Thursday, March 6, 2014

My Other Gig

Once upon a time, I was a teacher.  Well I guess I still am, technically.  I'm all certified and everything, but I have chosen to stay home with kids.  I hope to return to classroom teaching in another 4 years or so as I wait for my boys to hit first grade.  But in order to "stay sharp", I tutor privately.  I'm an English teacher and I often tutor children who are behind in reading.  I was trained as a secondary ed teacher, meaning grades 6-12, but for the last 4-5 years, I've had a steady flow of elementary kids.  It's been a challenge in that I was trained to handle a slightly different crew, but it's also been quite eye-opening to the struggles elementary ed teachers face and it's made me a far better teacher.

Well, I have this one student who I've been with since the middle of first grade.  She is now about to finish 3rd grade.  When I met her, she was struggling quite a bit.  She read at about 15 words per minute and was hating school.  She now reads well over 150 words per minute and is one of the top students in her class.  I'd love to take the credit for that, but it was her.  While Sydney has had a team of people, her mom, me, and her teacher, to be a support crew, it was all Sydney.  She is the one who allowed me to show her how her brain works.  She is the one who refused to give up.  She is the one that kept a smile on her face even though she probably felt like crying.  She is the one who got it and smashed through every state test they threw at her.  If you want to see what perseverance looks like, browse through my photos below.  If you want to see how happy success can make a kid, scroll down.  Sydney has overcome HUGE obstacles.  Her birth mother used drugs while pregnant with Sydney.  She was abused and neglected for the first fifteen months of her life.  Doctors have diagnosed her with issues that should have kept her from succeeding at all.  But with the tenacity of her adoptive parents, especially Sydney's adoptive mother, this girl has bull dozed through all expectations.  Sydney is proof that the human mind and heart, with enough love and support, can conquer anything.
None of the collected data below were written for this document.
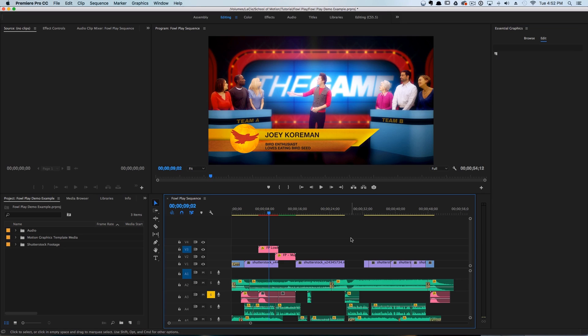Let's say for this sequence you wanted two or three more lower thirds. In the past you would typically have to go back to After Effects, change the lower third, render it out, then go back in and change it again and render it out — duplicating this process over and over.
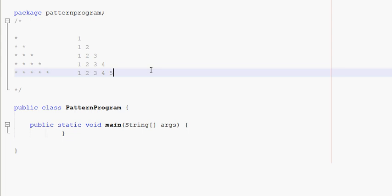Hi friends, welcome to Sandra Dexpert. How do you print a Java pattern programming in Java? In this video, there are two patterns — a star pattern and a number pattern. We can print a Java program in Java.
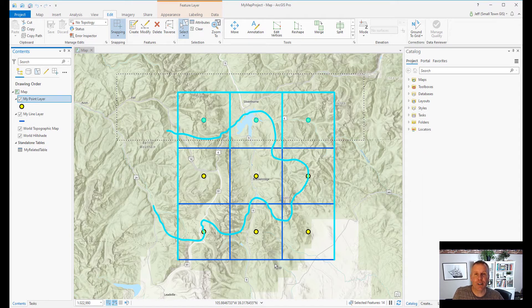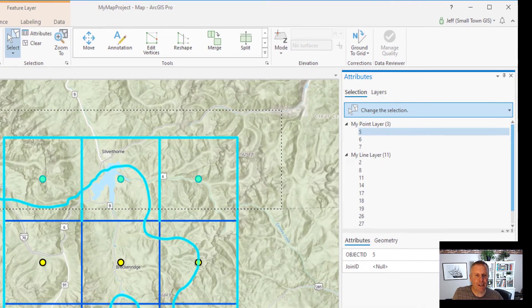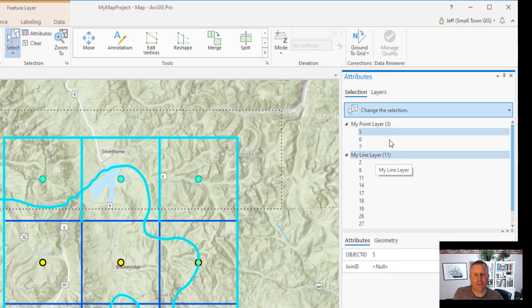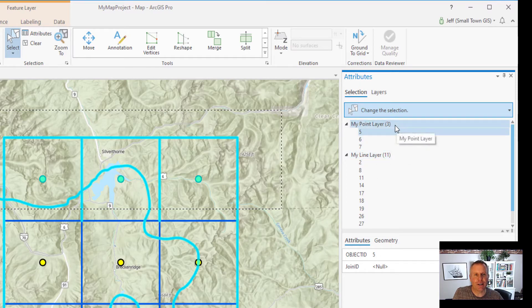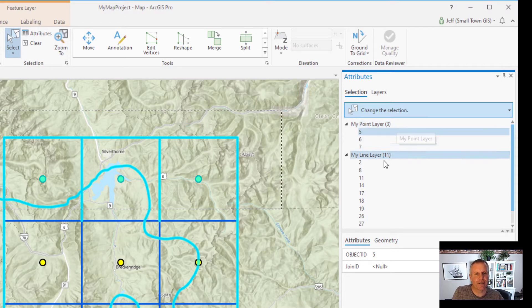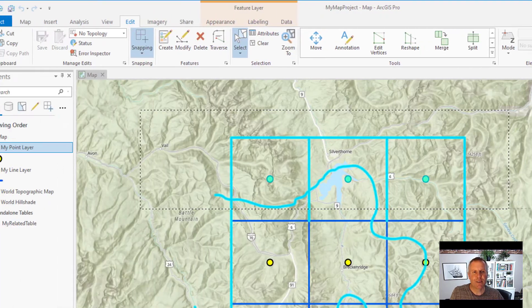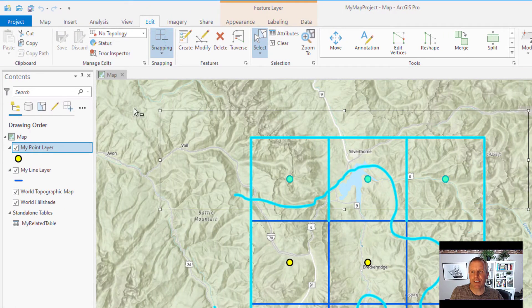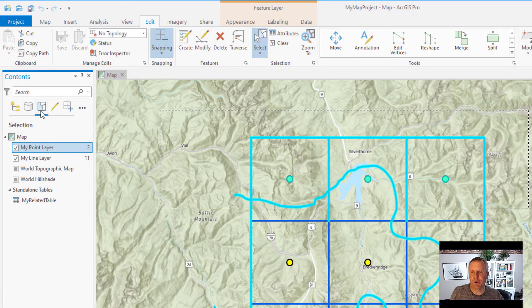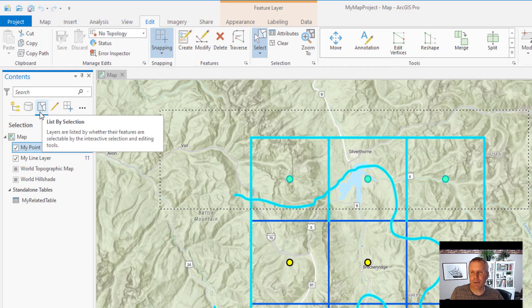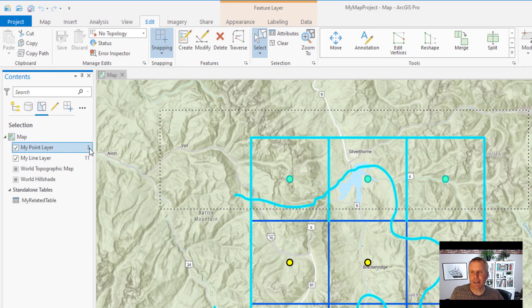One other thing you ought to know about selecting features is how many features you have selected. If you come to the Attributes pane, it shows you broken down by layer how many features in each layer you have selected — so you can see I have three features in my point layer and eleven features in my line layer. You can see the same thing over here if you activate the 'List by Selection' mode — my point layer has three and my line layer has eleven.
Students like Sydney have shown me more about what makes a good teacher than any of my teacher education did.  Getting to see, one-on-one the struggle some kids go through just to master things that other kids barely even have to think about, is heart wrenching, but it highlights the need for our schools to be manned to the rafters with volunteers, aides, and committed teachers.  Our teachers are overworked, struggling to attend to 25 or more individual learners.  So if you have time, whether you have kids in school or not, go volunteer in a classroom. They welcome the help.  They may just have you read with a student.  They may have you attend to the high kids so the teacher can attend to the low kids.  They may have you do all sorts of things.  The point is, go and do.  Sydney's mom was able to afford a tutor who could give her focused attention.  Not every parent can do that.  Even if you just have an hour a week, I encourage anyone to call their local elementary schools and offer themselves up as a volunteer.  I promise you, it'll change you for the better.

So, I'll step off my soap box now and let you see the photos of my bright, beautiful Sydney.  ;-)

Today, in order to sneak in a little impromptu expository writing, I had Sydney work on writing a letter to another, much younger, student of mine about how to be a good student.  Learning good student skills is a big part of my job.  I think a student needs to know how to learn and how their individual brain works not just what to learn.  She wrote a very good letter.  She's getting much faster at composing her thoughts and getting them down on paper.





1 comment:

  1. Love this!!!! Very touching!!!!! Thank you for sharing!!! Way to go Sydney!